Mobitz type I (with Wenckebach phenomenon): progressive PR prolongation until a P wave fails to conduct, often asymptomatic and benign30,44.

Mobitz type II: unchanged PR interval with the sudden failure of P wave conduction (Fig. 16), indicating more severe disease and risk of complete block30,44.

  • - Second-degree high-Grade AV Block. Diagnosed when two consecutive P waves fail to reach the ventricles (Fig. 17)30,44,45.

  • - Third grade or complete AV Block. Complete AV block with no synchrony between atrial and ventricular activity (Fig. 18)30,44,45.

Treatment strategies: symptomatic patients may require permanent pacemaker implantation to improve quality of life and prevent bradycardiomyopathy.

Figure 15 3-lead ECG demonstrating first-degree AV block in a 13-year-old girl. The ECG shows a prolonged PR interval > 200 ms, consistent with first-degree AV block. Despite the delay in atrioventricular conduction, every P wave is followed by a QRS complex, indicating that conduction through the AV node is intact. This condition is generally benign, especially in young patients, but monitoring may be required if there are symptoms or if the condition progresses. AV: atrioventricular; ECG: electrocardiogram. 
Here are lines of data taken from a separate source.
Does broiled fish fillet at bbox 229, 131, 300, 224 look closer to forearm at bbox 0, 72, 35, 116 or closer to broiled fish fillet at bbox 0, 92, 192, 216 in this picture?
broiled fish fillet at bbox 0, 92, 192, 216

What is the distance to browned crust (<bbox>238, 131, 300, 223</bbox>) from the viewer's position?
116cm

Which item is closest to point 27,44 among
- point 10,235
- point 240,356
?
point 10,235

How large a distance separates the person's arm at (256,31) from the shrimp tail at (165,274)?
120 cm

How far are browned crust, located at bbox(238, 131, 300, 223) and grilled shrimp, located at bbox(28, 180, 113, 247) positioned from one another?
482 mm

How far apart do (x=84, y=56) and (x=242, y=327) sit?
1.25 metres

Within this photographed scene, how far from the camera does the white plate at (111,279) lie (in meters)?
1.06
Figure 16 Holter monitor study demonstrating second-degree atrioventricular (AV) block. The ECG shows intermittent failure of conduction from the atria to the ventricles, as evidenced by the dropped QRS complex after some P waves, indicative of second-degree AV block. In this trace, a P wave is not followed by a QRS complex, suggesting a Mobitz type II AV block, where the PR intervals remain constant before the block. This type of AV block can be more serious and may require further evaluation and management. AV: atrioventricular; ECG: electrocardiogram 

Figure 17 ECG of a 4-year-old girl with congenital high-grade atrioventricular (AV) block, recorded before pacemaker implantation. The ECG shows a high-grade AV block with intermittent conduction. Some P waves are followed by QRS complexes, indicating that occasional atrial impulses are successfully conducted to the ventricles. However, many P waves do not result in QRS complexes, reflecting the impaired conduction through the AV node. The ventricular rate is slow due to this intermittent conduction, and the QRS complexes are narrow, suggesting they originate from above the His bundle when conduction occurs. This degree of conduction abnormality prompted the decision to implant a pacemaker to prevent symptomatic bradycardia and ensure stable cardiac output. AV: atrioventricular; ECG: electrocardiogram. 
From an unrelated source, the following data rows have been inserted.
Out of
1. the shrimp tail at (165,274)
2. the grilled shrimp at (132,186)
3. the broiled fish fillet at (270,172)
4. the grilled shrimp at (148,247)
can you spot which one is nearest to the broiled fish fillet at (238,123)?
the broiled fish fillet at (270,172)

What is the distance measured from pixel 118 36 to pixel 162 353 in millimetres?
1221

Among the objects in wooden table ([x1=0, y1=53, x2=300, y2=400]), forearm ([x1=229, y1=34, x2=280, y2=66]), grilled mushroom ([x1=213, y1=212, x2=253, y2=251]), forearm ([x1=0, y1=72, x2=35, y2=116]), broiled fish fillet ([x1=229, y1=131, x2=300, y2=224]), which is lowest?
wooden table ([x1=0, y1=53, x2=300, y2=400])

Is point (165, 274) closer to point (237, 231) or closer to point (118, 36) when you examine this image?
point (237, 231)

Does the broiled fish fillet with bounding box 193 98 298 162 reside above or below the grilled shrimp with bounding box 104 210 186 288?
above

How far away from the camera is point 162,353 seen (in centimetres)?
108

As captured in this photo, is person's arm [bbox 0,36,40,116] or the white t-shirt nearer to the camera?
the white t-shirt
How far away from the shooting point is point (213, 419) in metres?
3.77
Figure 18 ECG of a 2-year-old boy with congenital complete AV block. The ECG demonstrates a complete dissociation between atrial and ventricular activities, characteristic of third-degree AV block. The P waves occur regularly but have no consistent relationship with the QRS complexes, which also appear at a regular but much slower rate. The QRS complexes are narrow, indicating a junctional escape rhythm as the ventricles independently generate their own rhythm due to the absence of atrial conduction. This severe conduction abnormality often requires early intervention, such as pacemaker implantation, to manage the risk of significant bradycardia and its associated symptoms in a small child. AV: atrioventricular; ECG: electrocardiogram 

Special considerations: patients with complete AV block and CHD are at increased risk of HF and SCD45. Acquired complete AV block can result from myocarditis, Lyme disease, rheumatic disease, trauma, or cardiomyopathy45.

CHILDREN WITH SYNCOPE

Syncope, a sudden loss of consciousness due to insufficient cerebral perfusion, is common in children, with a 40% lifetime prevalence and accounting for 1% of emergency department admissions2,3. The causes of syncope vary widely and require a systematic approach to identify high-risk patients and manage them appropriately46-55. While some arrhythmias, such as bradycardia from complete AV block or tachycardia in WPW syndrome, can cause syncope, the primary concerns are benign vasovagal or situational syncope and malignant syncope from ventricular fibrillation (VF) due to genetic channelopathies54,56,57. Prompt recognition and treatment are critical to prevent SCD.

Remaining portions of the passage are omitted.